### [Exercise instructions]
Return the whole listing unchanged. Drop the images.

### [Information]
==============================
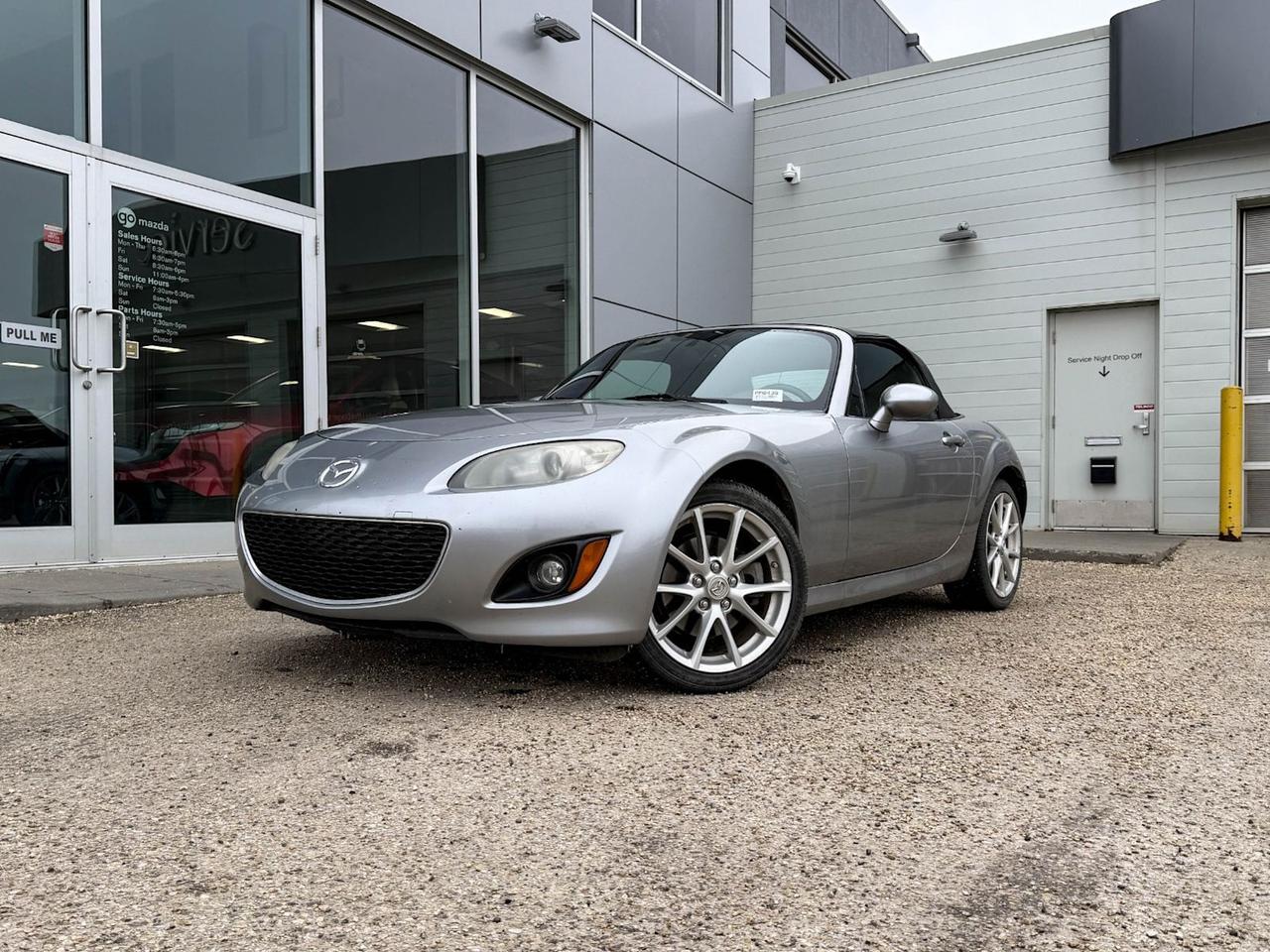 Experience pure driving joy with this pre-owned 2011 Mazda MX-5 Miata Touring 2dr Convertible! Sporting a sleek black exterior and comfortable black cloth interior, this iconic roadster features a spirited 2.0L DOHC I4 engine paired with a responsive 6-speed sport automatic transmission for smooth, rear-wheel-drive thrills. Enjoy the freedom of a manual convertible soft top, premium summer performance tires on 17 alloy wheels, and sporty handling thanks to its independent suspension and lightweight aluminum engine components.Inside, youll find reclining bucket seats, cruise control, a 6-disc CD changer, and steering wheel audio controls, all designed for an engaging yet comfortable drive. Safety comes standard with front and side airbags, ABS brakes, and stability features. This MX-5 combines classic roadster fun with reliable Mazda engineeringperfect for those who crave spirited drives and top-down adventures. Dont miss your chance to own this legendary sports car! Contact us today to schedule your test drive.Go Mazda is an AMVIC licensed businessThis vehicle has been registered in the following locations in theUnited States in the state ofTexas andArizona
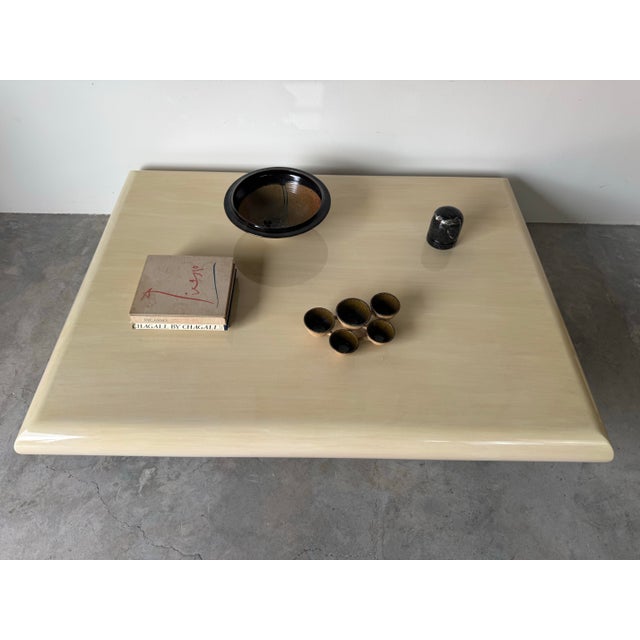 Striking large-scale coffee table designed in the iconic Karl Springer style, featuring a thick bullnose profile and a...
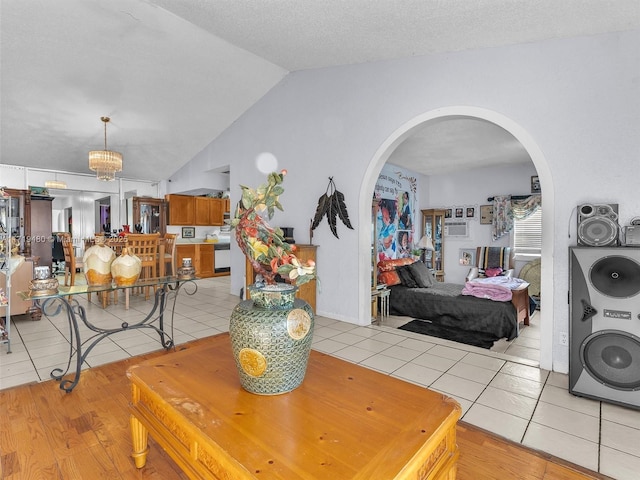 dining area with a textured ceiling, washer / clothes dryer, light tile patterned floors, and lofted ceiling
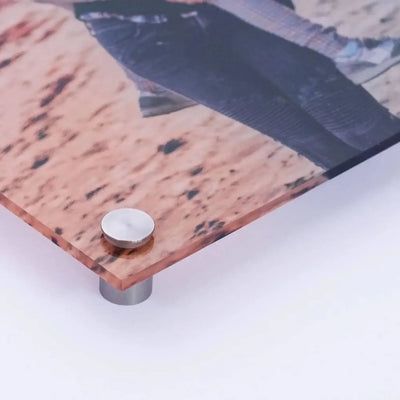 Ein kupferfarbenes acrylglasbild mit sprenkelstruktur auf silbernem metallständer aus der grimassenbande serie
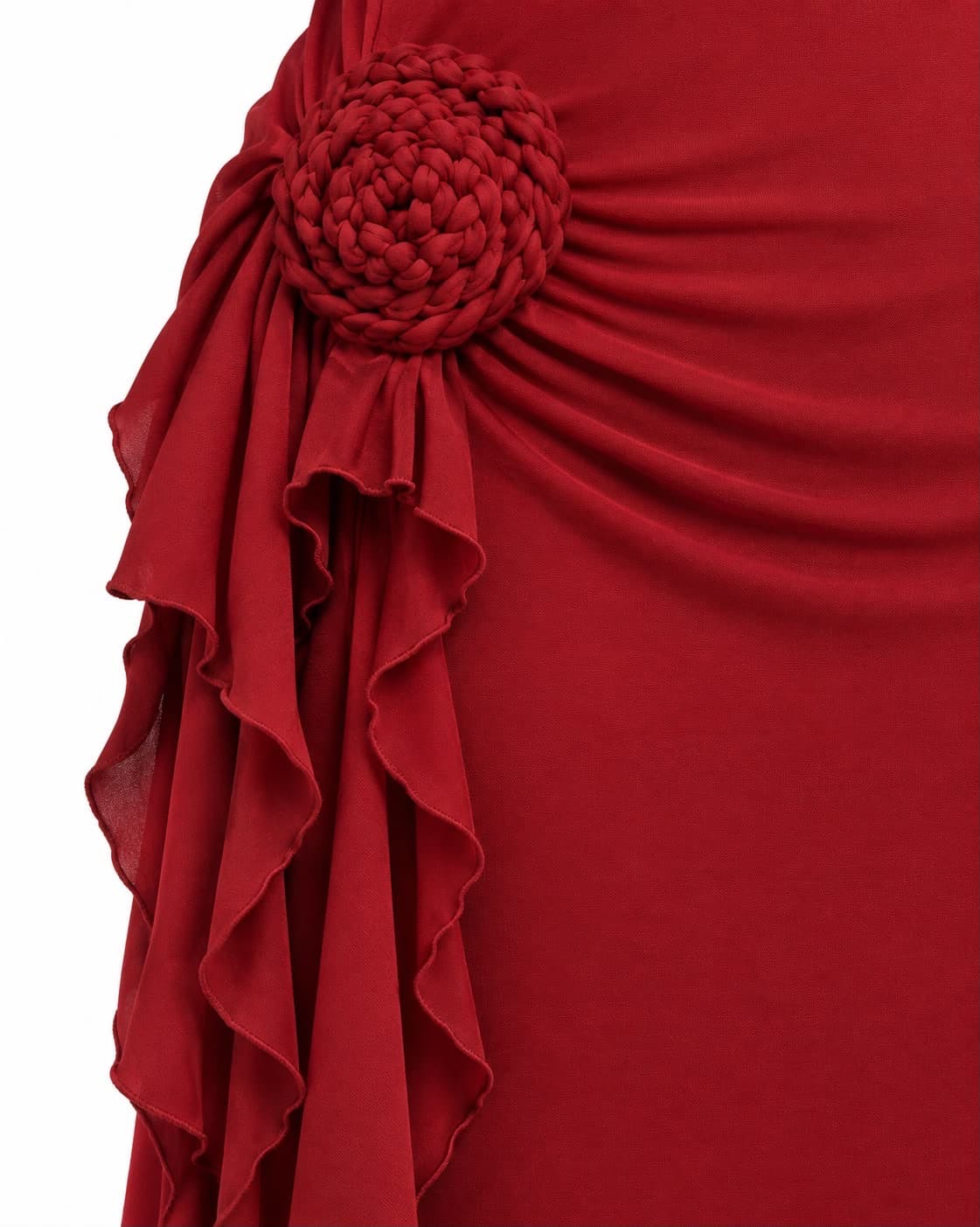 Close-up of a fabric rosette and the ruffle cascade on the red jersey gown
==============================
### [Task result]
 Experience pure driving joy with this pre-owned 2011 Mazda MX-5 Miata Touring 2dr Convertible! Sporting a sleek black exterior and comfortable black cloth interior, this iconic roadster features a spirited 2.0L DOHC I4 engine paired with a responsive 6-speed sport automatic transmission for smooth, rear-wheel-drive thrills. Enjoy the freedom of a manual convertible soft top, premium summer performance tires on 17 alloy wheels, and sporty handling thanks to its independent suspension and lightweight aluminum engine components.Inside, youll find reclining bucket seats, cruise control, a 6-disc CD changer, and steering wheel audio controls, all designed for an engaging yet comfortable drive. Safety comes standard with front and side airbags, ABS brakes, and stability features. This MX-5 combines classic roadster fun with reliable Mazda engineeringperfect for those who crave spirited drives and top-down adventures. Dont miss your chance to own this legendary sports car! Contact us today to schedule your test drive.Go Mazda is an AMVIC licensed businessThis vehicle has been registered in the following locations in theUnited States in the state ofTexas andArizona
 Striking large-scale coffee table designed in the iconic Karl Springer style, featuring a thick bullnose profile and a...
 dining area with a textured ceiling, washer / clothes dryer, light tile patterned floors, and lofted ceiling
 Ein kupferfarbenes acrylglasbild mit sprenkelstruktur auf silbernem metallständer aus der grimassenbande serie
 Close-up of a fabric rosette and the ruffle cascade on the red jersey gown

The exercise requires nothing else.